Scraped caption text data
---
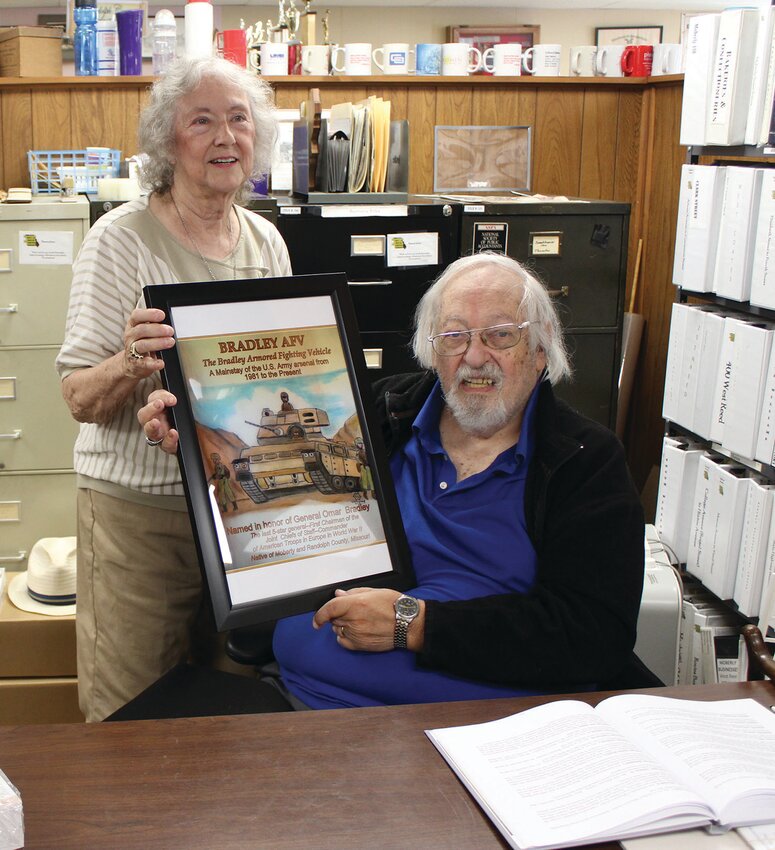 author/illustrator Larry Waterfield presents Joyce Campbell of the Randolph County Historical Society, a framed copy of his illustration of the Bradley Armored Fighting Vehicle. Similar illustrations comprise his book &ldquo;Show Me Missouri and Missourians.&rdquo; Waterfield, a native of Moberly, was at the Historical Society Saturday for a book signing and to discuss history with patrons. Photo by Joe Barnes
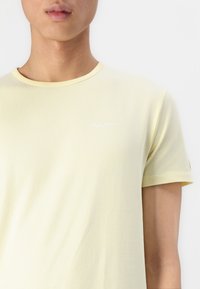 Lichtgele t-shirt met korte mouwen, gemaakt van zacht katoen. Heeft een ronde halslijn en een klein wit "Pepe Jeans" logo op de borst.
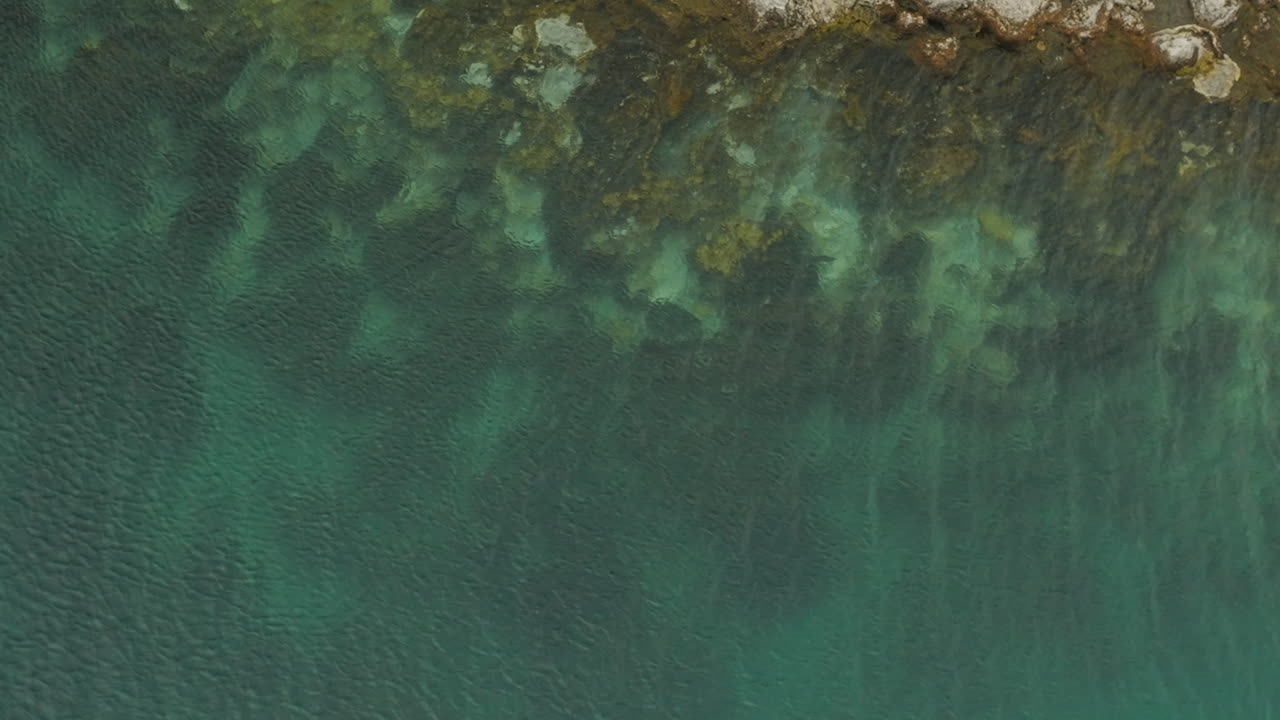 Incredibile vista aerea a volo d'uccello di acqua cristallina lungo la riva del Lago Giurassico, Argentina.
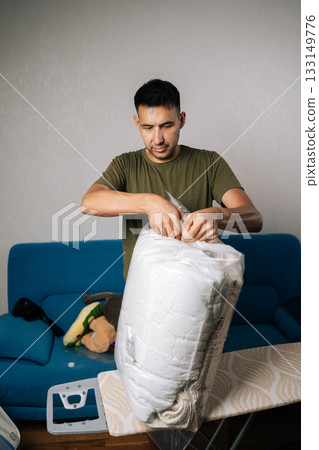 Vertical shot of focused man closing large transparent vacuum storage bag filled with white bedding, using double-zip closure to create airtight seal for optimal space efficiency and protection. 133149776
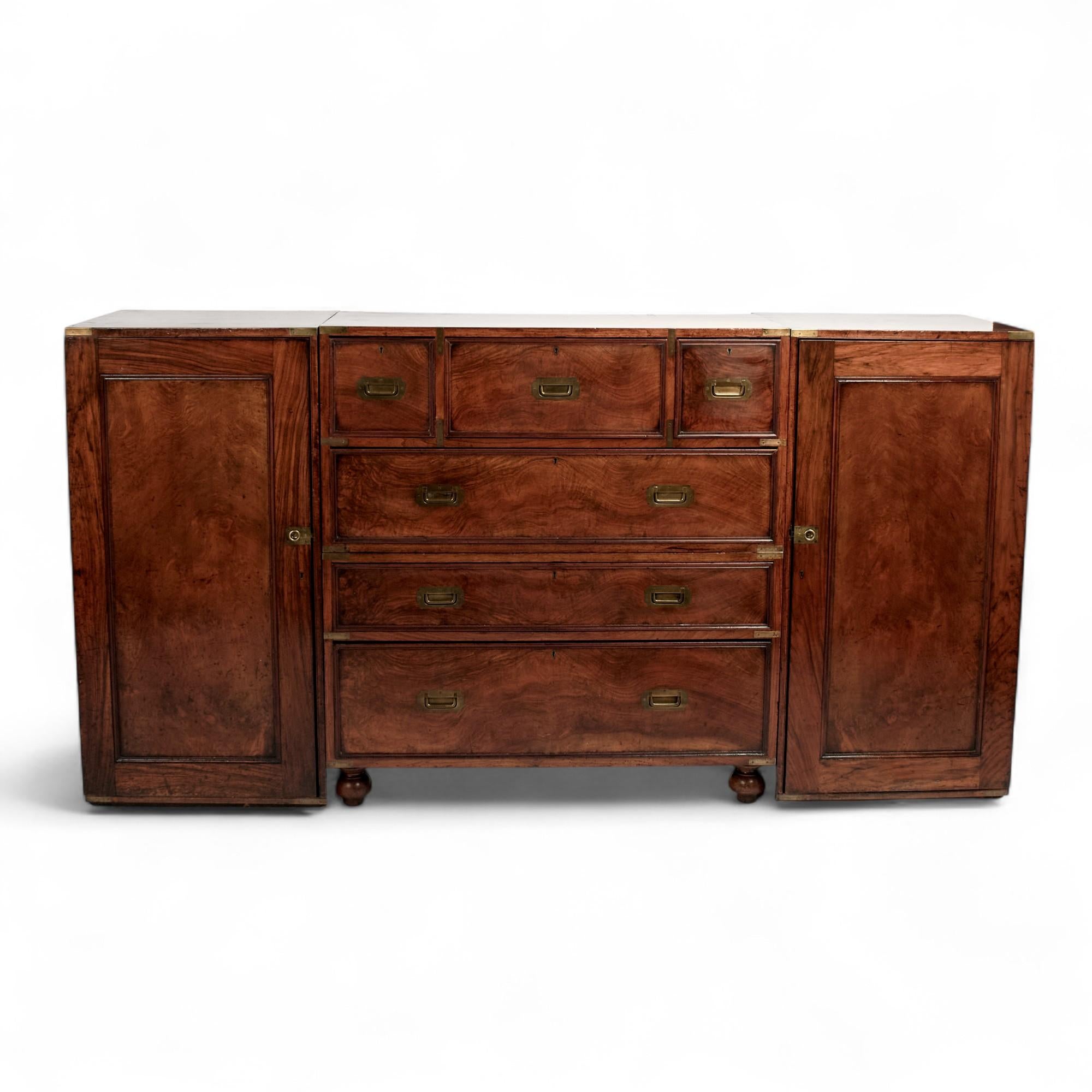 Rare and remarkable 19th Century British Colonial campaign chest handcrafted in mahogany and rosewood with six drawers and turned feet on the center chest and two attached side cabinets all with the original brass hardware. Perfect for an English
---
ASSIGNMENT
Please reproduce every record exactly, leaving the pictures out.

COMPLETED EXERCISE
 author/illustrator Larry Waterfield presents Joyce Campbell of the Randolph County Historical Society, a framed copy of his illustration of the Bradley Armored Fighting Vehicle. Similar illustrations comprise his book &ldquo;Show Me Missouri and Missourians.&rdquo; Waterfield, a native of Moberly, was at the Historical Society Saturday for a book signing and to discuss history with patrons. Photo by Joe Barnes
 Lichtgele t-shirt met korte mouwen, gemaakt van zacht katoen. Heeft een ronde halslijn en een klein wit "Pepe Jeans" logo op de borst.
 Incredibile vista aerea a volo d'uccello di acqua cristallina lungo la riva del Lago Giurassico, Argentina.
 Vertical shot of focused man closing large transparent vacuum storage bag filled with white bedding, using double-zip closure to create airtight seal for optimal space efficiency and protection. 133149776
 Rare and remarkable 19th Century British Colonial campaign chest handcrafted in mahogany and rosewood with six drawers and turned feet on the center chest and two attached side cabinets all with the original brass hardware. Perfect for an English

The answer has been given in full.